The "best"/"simplest"/... answer here is definitely pthreads. It's the native threading architecture on Unix/POSIX systems and works almost as good on Windows. No need to look any further.
Given that you are constrained with C. I have two suggestions:
1) I have a seen a project (similar to yours) that had to run on Windows and Linux with threads. The way it was written was that it (the same codebase) used pthreads on Linux and win32 threads on Windows. This was achieved by a conditional #ifdef statement wherever threads needed to be created such as
#ifdef WIN32
//use win32 threads
#else
//use pthreads
#endif
2) The second suggestion might be to use OpenMP. Have you considered OpenMP at all?
Please let me know if I missed something or if you want more details. I am happy to help.
Best,
Krishna
From my experience, multi threading in C for windows is heavily tied to Win32 APIs.

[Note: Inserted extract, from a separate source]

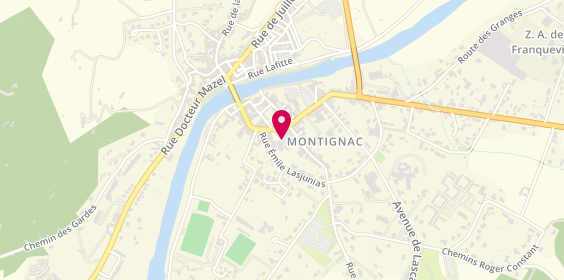 Plan de Agence Montignac, Bertrand de Born, 24290 Montignac-Lascaux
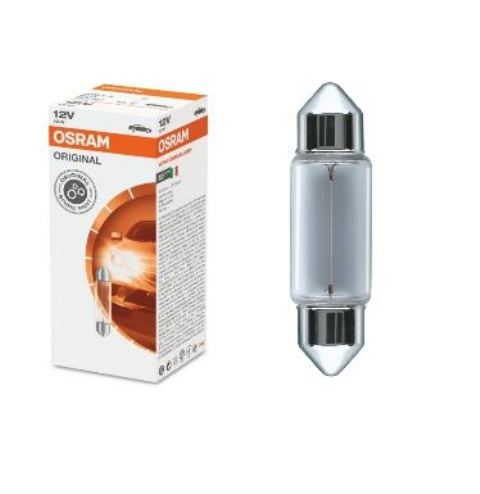 STANDART AMPUL- STOP/SİNYAL/PARK/GÖSTERGE AMPULÜ; 12V/C10W (6411) (DUY SV8,5-8) (OSRAM)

Other languages like C# and JAVA supported by a framework also tie into these core libraries while offering their thread classes.
However, I did find an openthreads API platform on sourceforge which might help you:
http://openthreads.sourceforge.net/
The API is modeled with respect to the Java and POSIX thread standard,
I have not tried this myself as I currently do not have a need to support multiple platforms on my C/C++ projects.
I understand the differences between a multithreaded program and a program relying on inter-machine communication. My problem is that I have a nice multithreaded program written in 'C' that works and runs really well on an 8-core machine. There is now opportunity to port this program to a cluster to gain access to more cores. Is it worth the effort to rip out the pthread stuff and retrofit MPI (which I've never used) or are we better off recoding the whole thing (or most of it) from scratch? Assume we are "stuck" with C so a wholesale change of language isn't an option.
Depending on how your software is written, there may or may not be advantages to going to MPI over keeping your pthread implementation.
Unfortunately (or fortunately), message passing is a very different beast than pthreading - the basic assumption is quite different. I love this quote from Joshua Phillips of the Maestro team: "The difference between message-passing and shared-state communication is equivalent to the difference between sending a colleague an e-mail requesting her to complete a task and opening up her organizer to write down the task directly in her to-do list. More than just being rude, the latter is likely to confuse her – she might erase it, not notice it, or accidentally prioritize it incorrectly."
Unfortunately, the way you share data is very different. There is no direct access to data in other threads (since it can be on other machines), so it can be a very daunting task to migrate from pthreads to MPI. On the other hand, if the code is written so each thread is isolated, it can be an easy task, and definitely worthwhile.
In order to determine how useful this will be, you'll need to understand the code, and what you hope to achieve by switching. It can be worthwhile as a learning experience (you learn a LOT about synchronization and threading by working in MPI), but may not be practical if the gains will be minor.
Re. your comment to Reed -- this sounds like an easy, low-overhead conversion to MPI. Just be careful: not all MPI APIs support dynamic creation of processes, i.e., you start your program with N processes (specified at startup) and you're stuck with N processes throughout the life-time of the program.